Cyberspace adalah sesuatu yang terus berkembang dan berevolusi seiring berjalannya waktu.22 Kombinasi antar teknologi dan manusia yang menggunakan teknologi tersebut selalu berubah; dari segi ukuran cyberspace itu sendiri hingga aturan-aturan teknis dan politis yang berupaya untuk mengaturnya. Peta geografis dari cyberspace jauh lebih mudah diubah dibandingkan peta geografis dunia nyata;
gunung dan lautan sangat sulit, bahkan nyaris mustahil, untuk dipindahkan, akan tetapi bagian-bagian dari cyberspace dapat dinyalakan ataupun dimatikan hanya dengan datu klik saja. Firtur esensial dari cyberspace tetap sama, namun topografinya terus berubah, sehingga dapat dikatakan bahwa cyberspace yang ada saat ini sama dengan tetapi juga berbeda dari cyberspace yang ada pada tahun 1997.
-
2. Cyber Trafficking sebagai Tindak Pidana Internasional atau Transnasional
-
a) Tindak Pidana Internasional
Pasal 5 ayat 1 dari Rome Statute of the International Criminal Court (Rome Statute) mencatat tindakan pidana internasional sebagai berikut, yakni: “(a) Kejahatan genosida (Pasal 6: setiap perbuatan membuhuh, menimbulkan luka fisik/mental yang serius, menyebabkan kehancuran fisik, mencegah kelahiran, dan memindahkan secara paksa anak-anak yang dilakukan dengan tujuan untuk menghancurkan, seluruhnya atau sebagian, suatu kelompok nasional, etnis, rasa atau keagamaan); (b) Kejahatan terhadap kemanusiaan (Pasal 7: pembunuhan, pemusnahan, perbudakan, deportasi / pemindahan paksa, pemenjaraan / perampasan, penyiksaan, perkosaan beserta kejahatan seksual ekstrim lainnya, penganiayaan, penghilangan paksa, kejahatan apartheid, dan perbuatan tidak manusiawi lainnya apabila dilakukan sebagai bagian dari serangan meluas atau sistematik yang ditujukan kepada suatu kelompok penduduk sipil, dengan mengetahui adanya serangan itu); (c) Kejahatan perang (Pasal 8: khususnya apabila kejahatan perang dilakukan sebagai bagian dari suatu pelaksanaan besar-besaran dari kejahatan tersebut); (d) Kejahatan agresi (Pasal 8 bis: perencanaan, persiapan, inisiasi / eksekusi, oleh seseorang yang berada dalam posisi efektif untuk mengontrol / mengarahkan tindakan politik / militer suatu negara, tindakan agresi yang berdasar pada unsur-unsurnya, gravitasinya, dan skalanya).”
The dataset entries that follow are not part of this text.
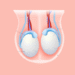 testicular-problem-varicocele-homeopathy-treatment-case-study (1)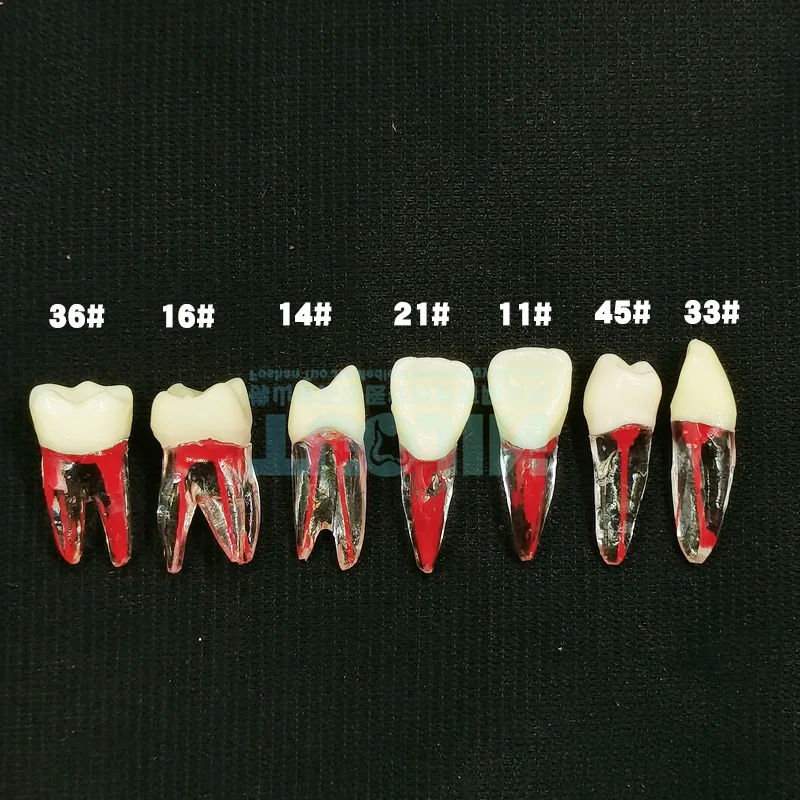 2PC Dental Endodontic Tooth Model Root Canal Teeth Teaching Modeling  Training Tooth For Student Endo Physical Therapy Practice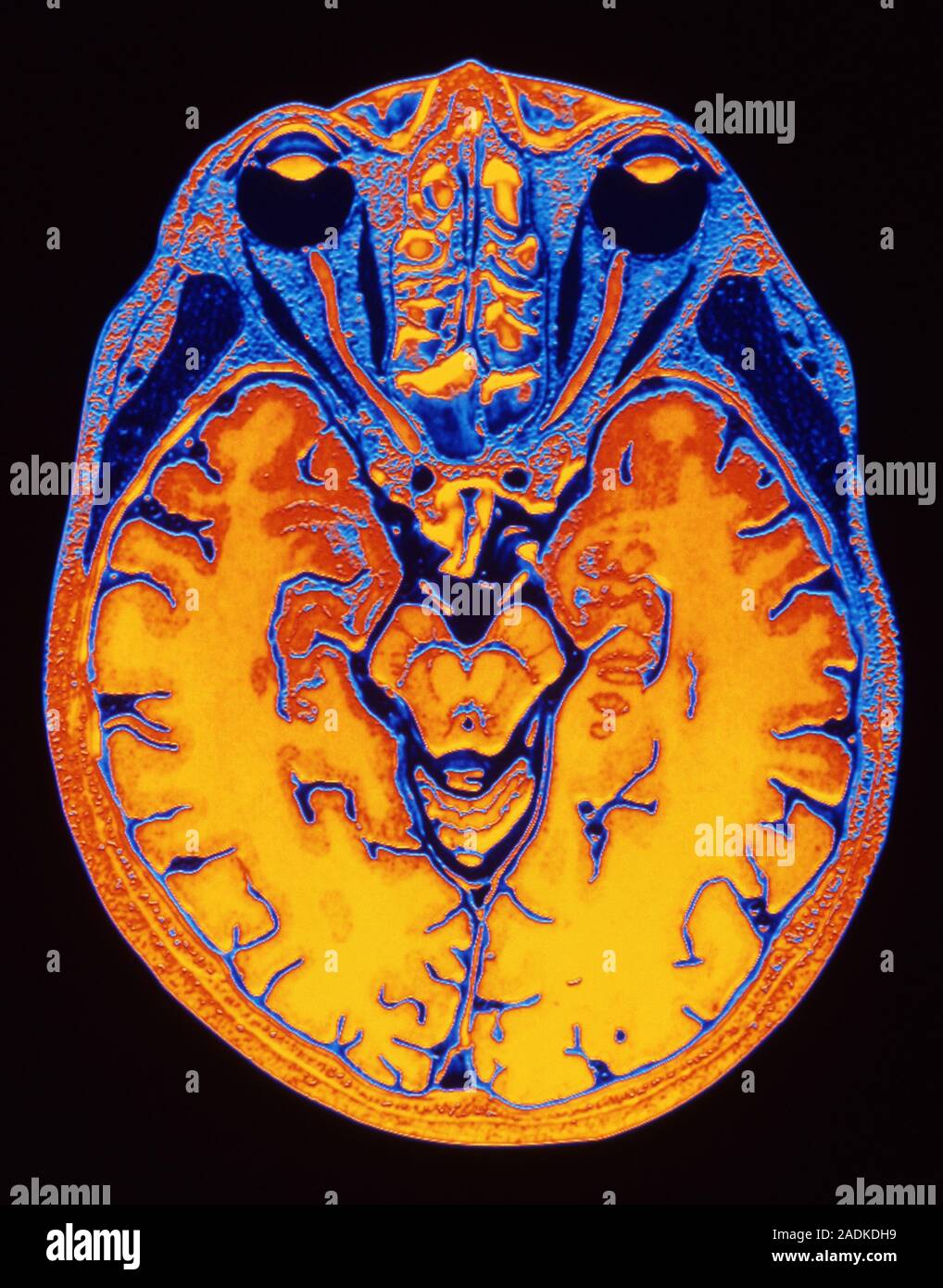 Brain scan. False-colour magnetic resonance imaging (MRI) scan of a ...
Cyber-trafficking dapat dikategorikan sebagai tindak pidana internasional apabila memenuhi syarat sebagai kejahatan terhadap kemanusiaan sesuai dengan Pasal 7 Statuta Roma, yaitu dilakukan sebagai bagian dari serangan meluas atau sistematik yang ditujukan kepada suatu kelompok penduduk sipil dengan mengetahui adanya serangan ditujukan kepada suatu kelompok penduduk sipil itu.
-
b) Tindak Pidana Transnasional
Pasal 3 ayat (2) dari United Nations Convention against Transnational Organized Crime menetapkan lingkup aplikasi dari tindak pidana transnasional, yaitu: “(a) dilakukan di lebih dari satu negara; (b) dilakukan di satu negara namun beberapa bagian penting dari persiapan, perencanaan, pengarahan atau pengendalian terjadi di negara lain; (c) dilakukan di satu negara namun melibatkan suatu kelompok kriminal terorangisir yang terlibat dalam kegiatan kriminal di lebih dari satu negara; atau (d) dilakukan di satu negara namun memiliki dampak yang substansial di negara lain.”
Cyber-trafficking dapat dikategorikan sebagai tindak pidana transnasional apabila memenuhi syarat dari United Nations Convention against Transnational Organized Crime Pasal 3 ayat (2), yaitu seperti dicantumkan di atas.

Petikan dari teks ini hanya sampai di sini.